Drug Induced Liver Disease (Hepatotoxicity)-Chapter 11-HISTOLOGICAL PATTERN IN DRUG-INDUCED LIVER DISEASE Part-1

Acute hepatitis

     DILI accounts for ~10% of acute hepatitis and is perhaps the most common cause of cholestatic hepatitis. A wide variety of drugs can cause acute hepatocellular injury.

Herbal and botanical drugs are an important but often overlooked cause of hepatotoxicity.

Certain commonly consumed herbal agents now being investigated for their hepatoprotective effects, such as turmeric (Curcuma longa) and mate tea (Ilex paraguariensis), are listed as potentially hepatotoxic in various patient literature. Finally, contaminants of herbal supplements should be considered, including heavy metals such as arsenic, cadmium, lead or mercury.

The following morphological patterns can be observed in acute hepatocellular injury.

·         Acute hepatitis. The hallmarks of acute hepatocellular injury are portal and parenchymal inflammation, hepatocellular injury, and/or necrosis (fig 1). By definition, fibrosis is absent. Regenerative features such as binucleate hepatocytes and thick cell plates are common. Prominent Kupffer cells often are present in the sinusoids. The term “cholestatic hepatitis” is used when these changes are accompanied by cholestasis.

·         Necrosis. Acute hepatocellular injury can result in necrosis affecting single (spotty necrosis) or groups of hepatocytes (confluent necrosis). In some cases, confluent necrosis can be zonal and may be helpful in diagnosis. Centrizonal (zone 3) necrosis is characteristic of acetaminophen and halothane, and toxins such as carbon tetrachloride. Isolated necrosis affecting zones 1 and 2 is rare; toxins such as cocaine and ferrous sulfate typically affect zone 1, while beryllium has been implicated in zone 2 necrosis. When extensive, confluent necrosis can lead to acute hepatic failure.

·         Resolving hepatitis. If biopsy is performed later in the disease course, hepatocellular injury and inflammation may be minimal (fig 2). The presence of numerous macrophages in the sinusoids is a helpful clue for the diagnosis of resolving hepatitis. The stain periodic acid–Schiff with diastase can be used to highlight the macrophages (fig 3).

 

Figure.11.1:-Atorvastatin-induced acute hepatitis. Mixed parenchymal inflammation is present, consisting of lymphocytes, plasmahistiocytic cells, and neutrophils. There is no bile duct damage or fibrosis.

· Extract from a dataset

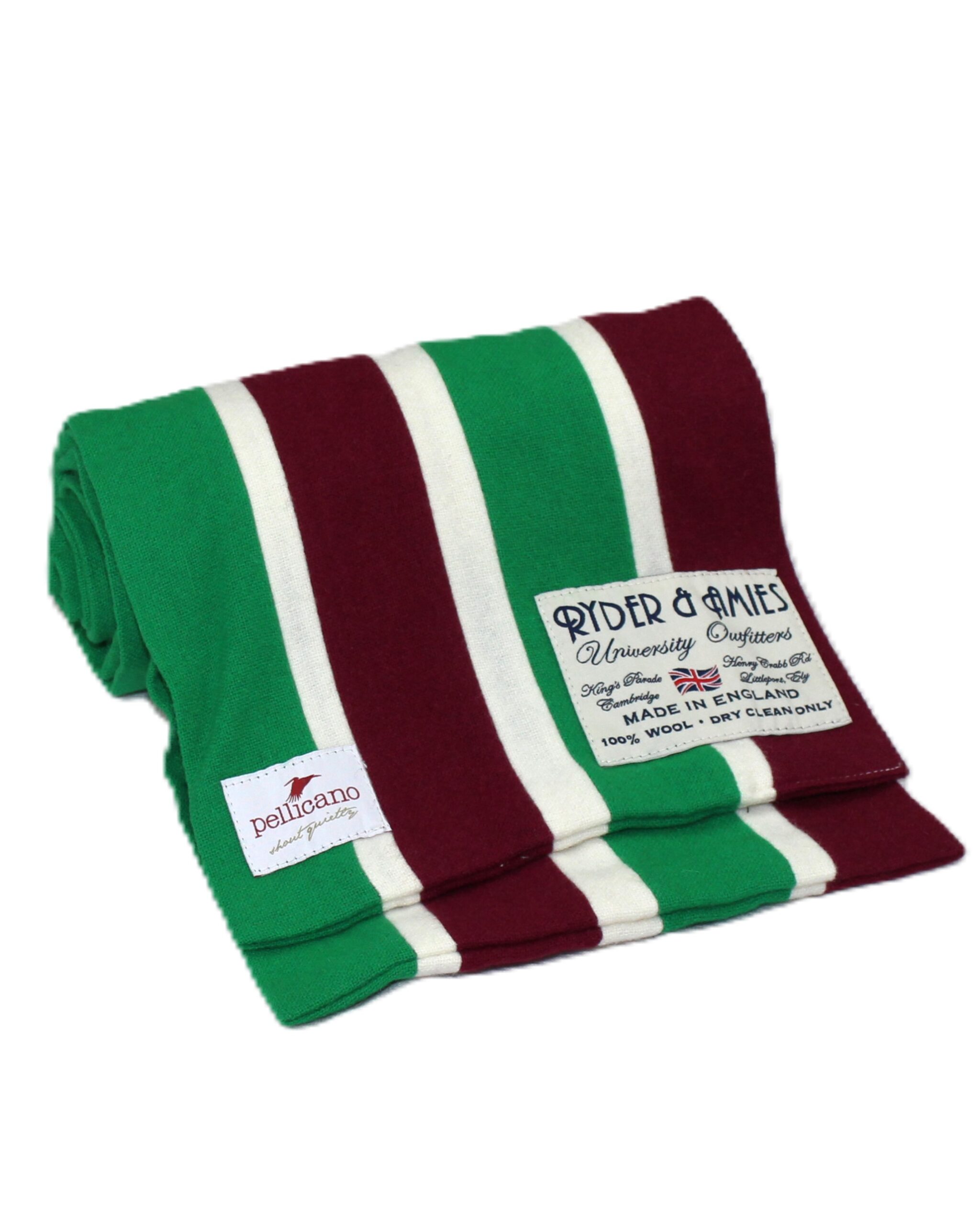 College Scarf in Green & Maroon Saxony Wool - Image 3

Figure.11.2:- Resolving hepatitis. Parenchymal infiltrate is diminished in comparison to acute hepatitis. Hepatocellular injury is minimal. Pigment accumulation in sinusoidal macrophages is prominent.

 

Figure.11.3:- Resolving hepatitis. Sinusoidal macrophages are evident with periodic acid–Schiff (PAS)-positive diastase-resistant cytoplasmic contents.

Figure.11.4:- Acetaminophen toxicity. Marked hepatocellular necrosis is present in a zonal, centrilobular pattern, while the inflammatory infiltrate is minimal. Residual viable hepatocytes show some steatosis.